In July 2006, a blaze at a labour camp in Gudaibiya left 16 Indian workers dead. The workers were made to live in a squalid, overcrowded camp, with outrageously poor facilities. Not only were appropriate safety measures ignored, but the windows were sealed shut, limiting the workers' means of escape.
Angered, the 200 surviving workers took to protesting, demanding that their dues be paid and the families of the deceased compensated. But even after a deal was reached between the Ministry of Labour and the employing company was reached, the workers weren't paid even weeks later
...yet two years on, families of those who lost their lives continue to await justice. The company continues to refuse to pay the families any form of compensation, and no action can be taken by the family's lawyers pending the proceedings of the criminal court. While the owner of the construction company and two Indian supervisors were initially charged with violating labour laws, only one of the supervisors was charged with manslaughter; he has appealed the sentence.

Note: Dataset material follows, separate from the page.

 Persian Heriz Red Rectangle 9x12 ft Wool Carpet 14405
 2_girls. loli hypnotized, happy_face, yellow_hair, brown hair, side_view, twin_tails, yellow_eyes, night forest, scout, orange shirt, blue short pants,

Meanwhile the families, many of whom have lost their sole income provider, continue to suffer.
Another victim, V Subramanyam, came to Bahrain to earn enough money to pay for the weddings of his two daughters, as well as his son's higher education.
He also borrowed heavily to pay for his visa and a ticket, but after his death his wife Periammal told the New Indian Express she was now struggling to earn a living.
With the money she got as aid from the Indian government, she paid off her debt and married off one of her daughters.
She and her other daughter Sarasu were now working in paddy fields.
Most of the families are so illiterate they don't even know what an embassy is, let alone know how to contact Indian Embassy officials in Bahrain for updates.